To further verify isolated EVs by flow cytometry, 40 µg of EVs were stained with CD81 (APC-conjugated, clone 5A6, BioLegend, Amsterdam, The Netherlands, #349509) and CD9 (FITC-conjugated, Thermo Fisher Scientific, clone SN4 C3-3A2, #11-0098-42) for 1 h at 4 °C. Next, EVs were washed with PBS and precipitated at 100,000 × g for 70 min at 4 °C. The pellet was resuspended in 150 µl PBS and measured using flow cytometry (CytoFlex S, Beckman Coulter). The violet side scatter (V-SSC) was used as described in Brittain et al. 2019 [17]. For correct gating of EVs, Gigamix beads (Beckman Coulter) were used to determine the size standard for EVs. In a V-SSC-A/FSC‑A dot plot EVs/beads with a size around 100 to 900 nm were determined. Subsequently, percentages of FITC-positive (CD9) or APC-positive (CD81) EVs/beads were identified in a V-SSC-A/FITC or V‑SSC-A/APC dot plot.

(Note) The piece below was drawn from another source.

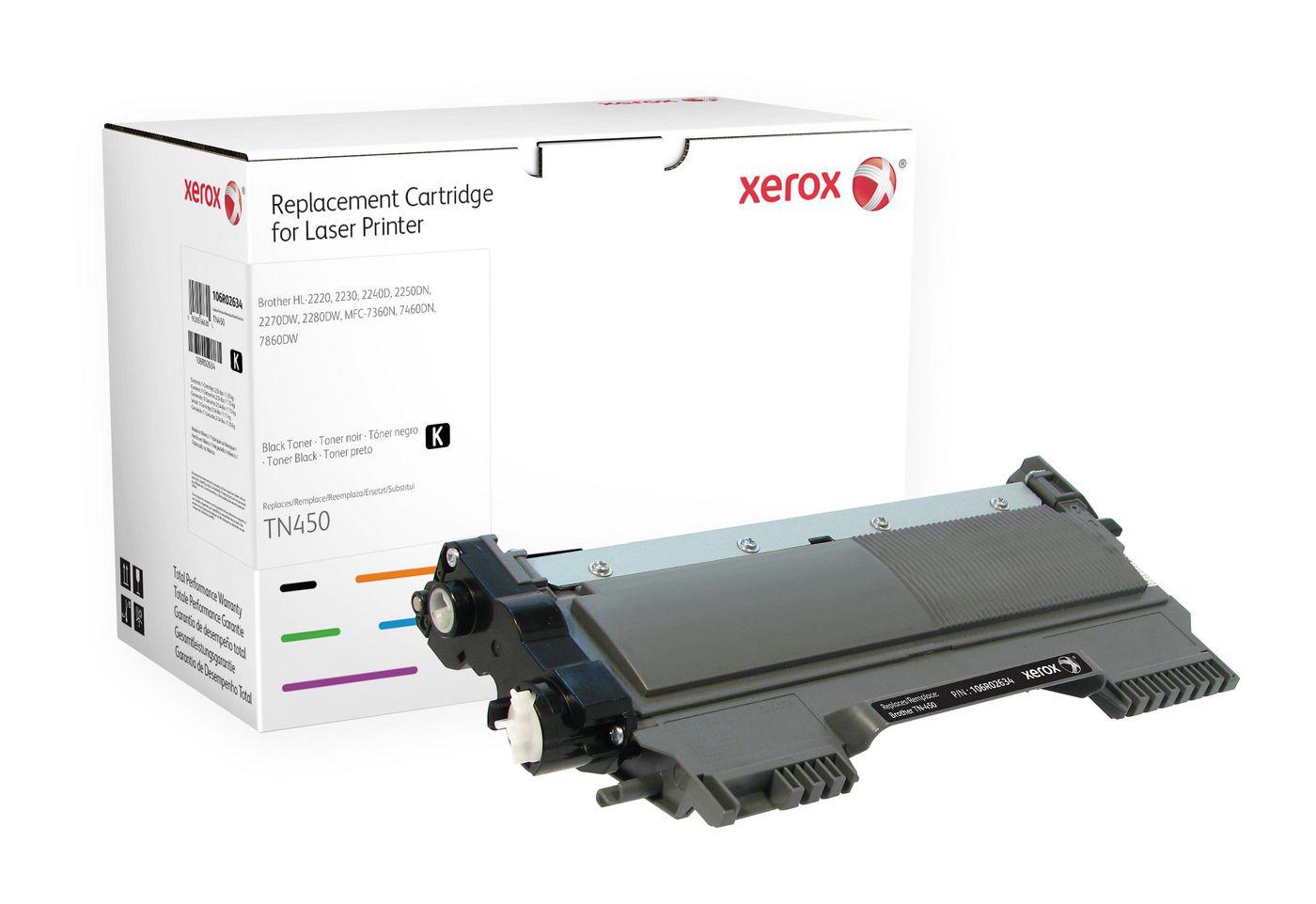 Xerox Toner rigenerato ogni giorno Nero sostituito Brother TN-2220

RNA isolation from serum-derived EVs

Total mRNA, including miRNA, was isolated from EVs with an RNeasy Mini Kit (Qiagen, Hilden, Germany) and RNA content was quantified by photospectroscopic analyses (Infinite M200 Pro, TECAN).

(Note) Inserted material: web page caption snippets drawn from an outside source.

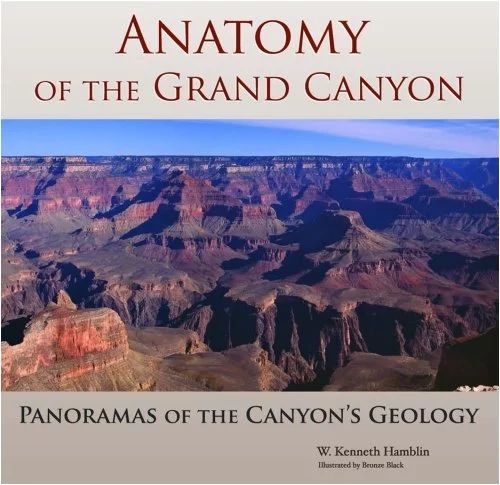 Book cover: Aerial view of Grand Canyon with title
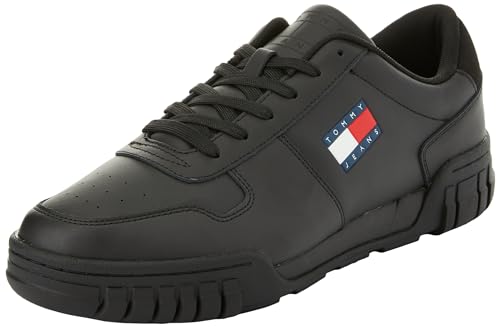 Tommy Jeans Herren Cupsole Sneaker Schuhe, Schwarz (Black), 42 EU von Tommy Jeans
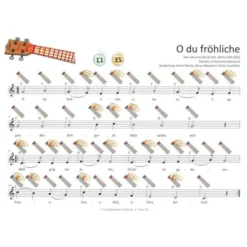 LeuWa-Verlag24 Weihnachtslieder Ukulele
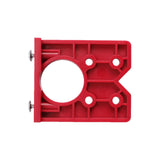 Maxbell Hinge Boring Jig Wood Furniture Hole Jig Guide for Carpenter Woodworking Red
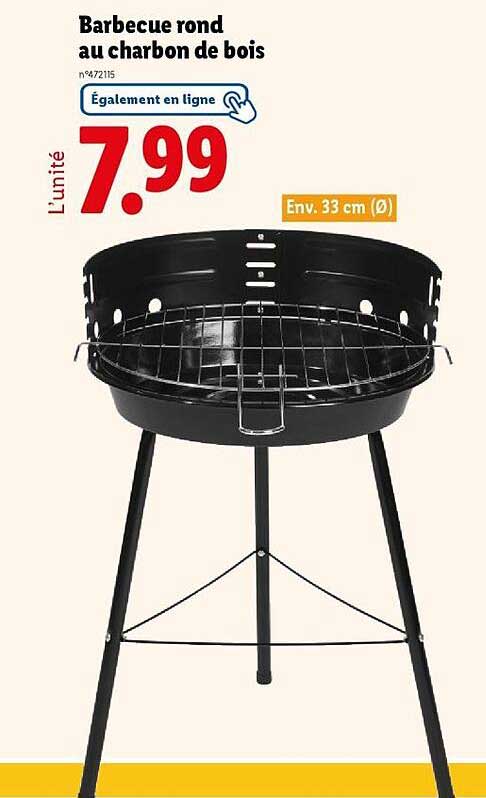 Barbecue rond au charbon de bois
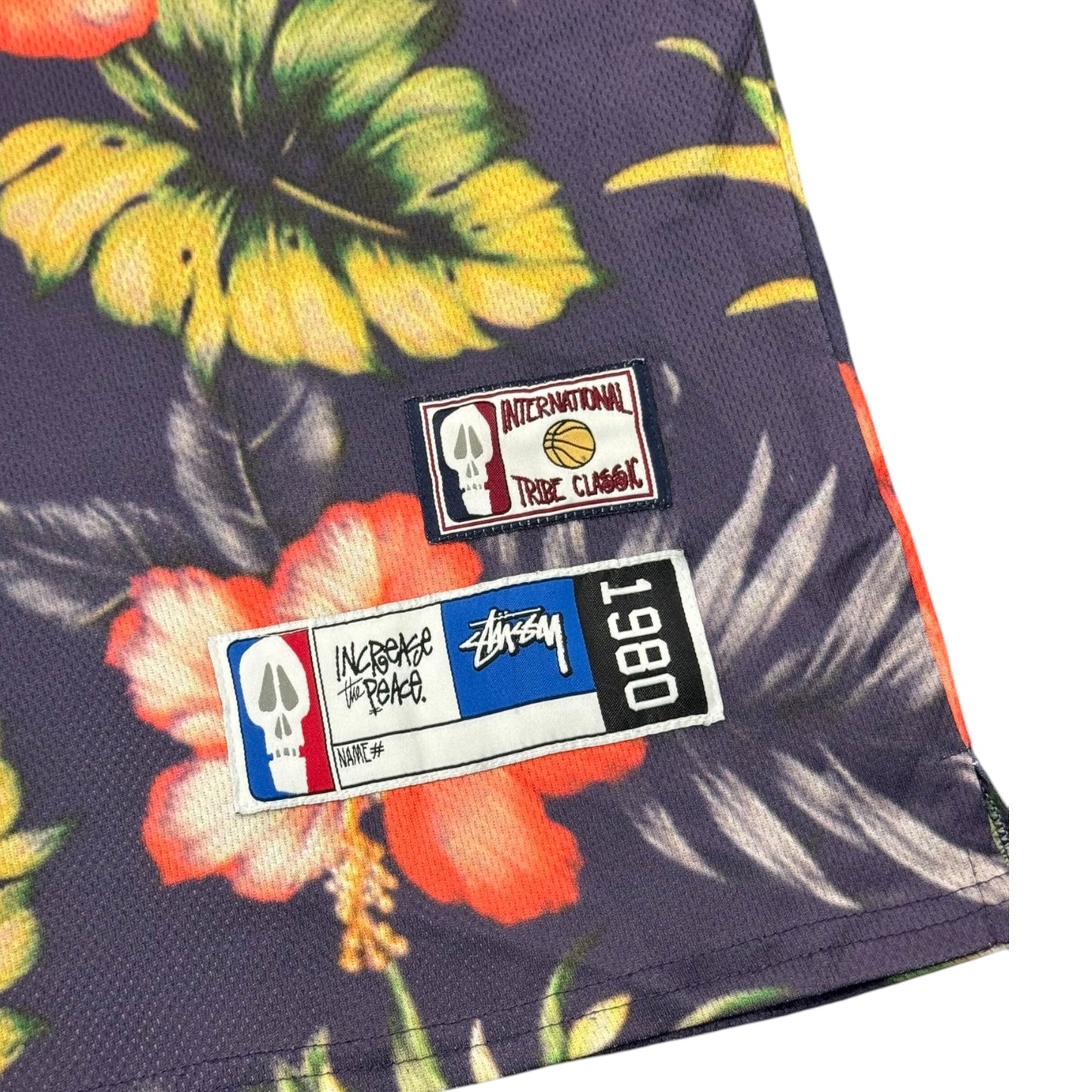 Stüssy Hawaiian Print Basketball Jersey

Next generation sequencing of EV miRNA cargo

Total RNA was subjected to next generation sequencing (NGS) at Arraystar Inc. (Rockville, MD, USA) using an Illumina NextSeq 500 system. Briefly, samples covering in total six samples of healthy donors and 11 samples from patients prior to and after irradiation were transferred to the company and sequenced. The sequencing quality score revealed sufficient quality for subsequent data analysis in all samples. After quality control, the reads were 3′-adaptor trimmed and filtered ≤ 15 bp reads with cutadapt software. The trimmed reads were aligned to reference genome with bowtie software. Data analysis after trimming was performed with the software miRDeep29 to quantify known miRNA and predict novel miRNAs. Additionally, differentially expressed miRNAs were filtered using R package edgeR10,11. Hierarchical clustering and miRNA target prediction was performed by targetscan. Pathway analysis for the miRNA target mRNAs was performed based on the on the top 10 differentially expressed miRNAs using the latest Kyoto Encyclopedia of Genes and Genomes (KEGG) database [18]. This analysis allows to determine whether the identified miRNA target genes are enriched in specific biological pathways. The p values calculated by Fisher’s exact test are thereby used to estimate the statistical significance of pathway enrichment between the two groups compared. The KEGG database resource was developed to better understand functions of biological systems, including cells and organs, based on information on the molecular level, e.g., large-scale datasets from NGS sequencing approaches or other high-throughput technologies [18]. A schematic workflow of sequencing data analysis (Arraystar Inc. Rockville, USA) is shown in Supplementary Figure S1. Venn diagrams to identify similarities between the differentially expressed miRNAs were created using the InteractiVenn software (www.interactivenn.net, [19]).

Statistical evaluation

EdgeR was used to evaluate differentially expressed miRNAs. The sequencing raw data were fitted to negative binomial model using the quantile-adjusted conditional maximum likelihood (qCML) method as implemented in EdgeR. The differentially expressed genes were then tested by exact test using the model (for details see [20]). The p value is the f‑statistic p value, the q value (false discovery rate, FDR) comprises the FDR-adjusted p value. A p value less or equal to 0.05 and a q value less or equal to 1 were considered statistically significant. For KEGG pathway analysis, p values calculated by Fisher’s exact test were used to estimate the statistical significance of the enrichment of the pathways between the two groups.